Would you please copy all of the data exactly, skipping the images?

# [Provided material]
>>
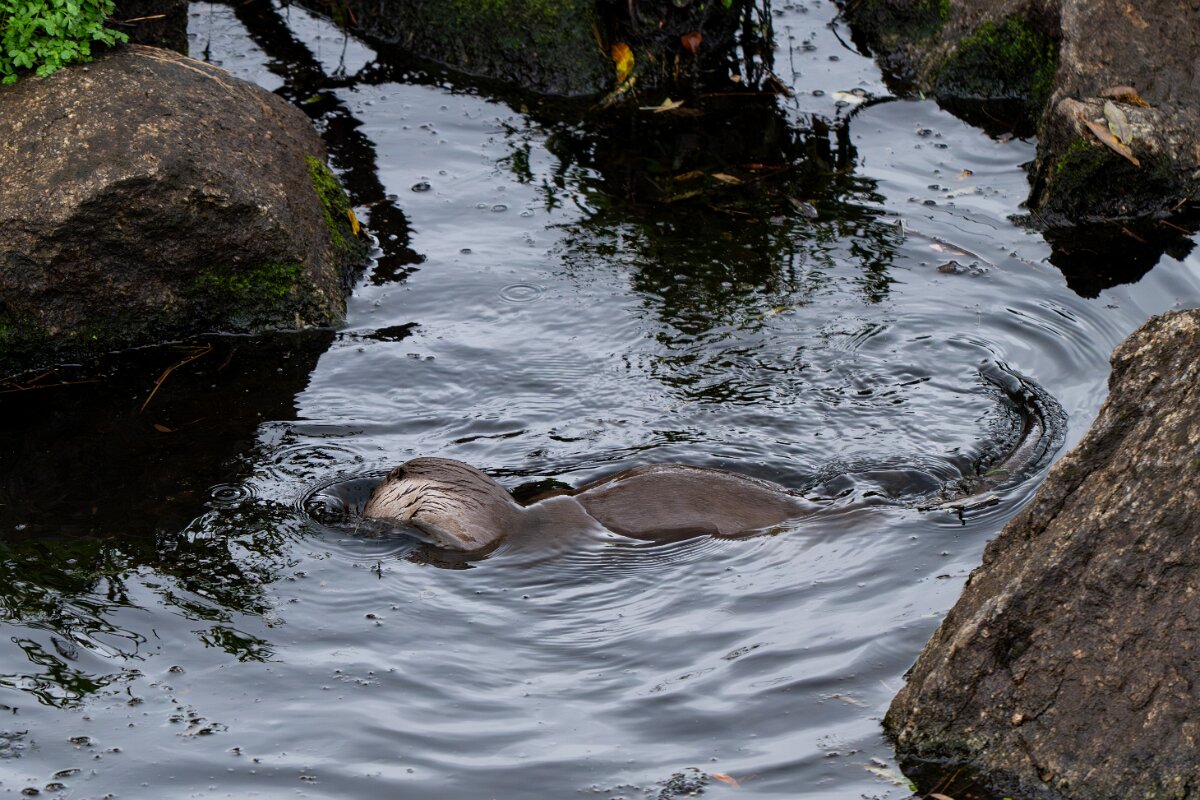 DPPhotography - Andalucia - Eurasian otter - H.jpg - Eurasian otter, Lutra lutra - Sierra de Andújar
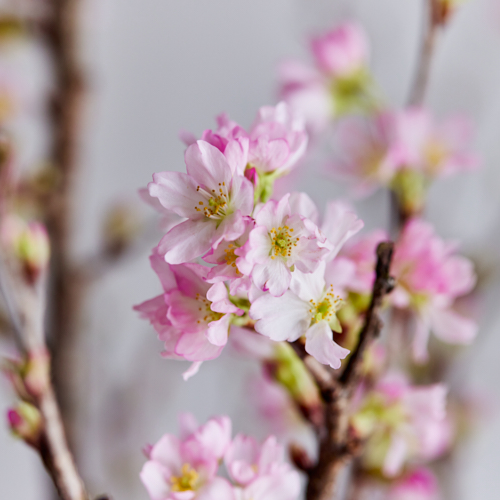 産地直送:シーズン　今楽しみたい、旬を感じる季節の花々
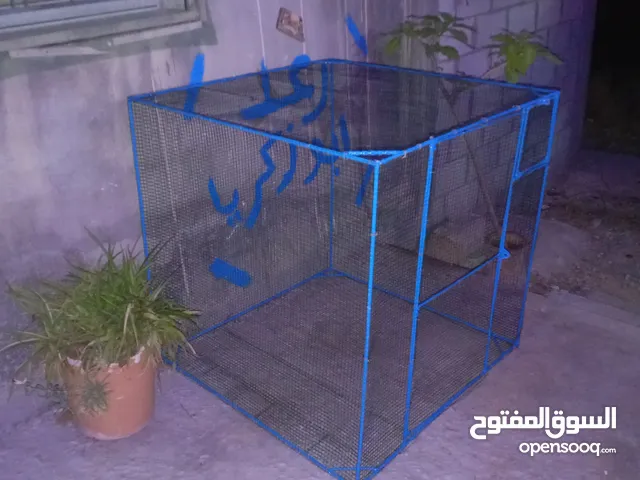 جاج للحمام للعصافير ارانب قفص حديد متر ب متر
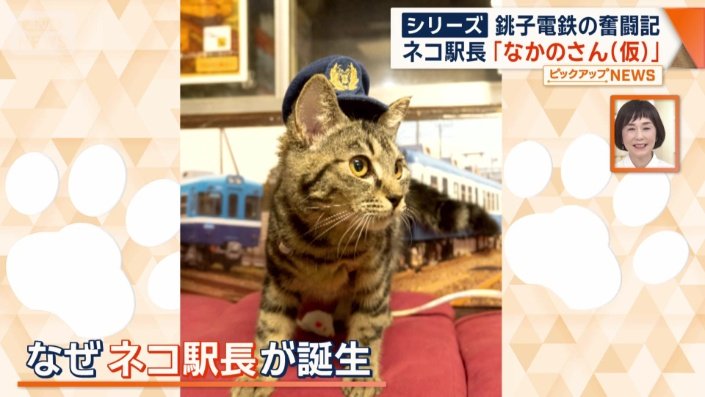 なぜ、ネコの駅長が誕生?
<<
# [Answer box]
 DPPhotography - Andalucia - Eurasian otter - H.jpg - Eurasian otter, Lutra lutra - Sierra de Andújar
 産地直送:シーズン　今楽しみたい、旬を感じる季節の花々
 جاج للحمام للعصافير ارانب قفص حديد متر ب متر
 なぜ、ネコの駅長が誕生?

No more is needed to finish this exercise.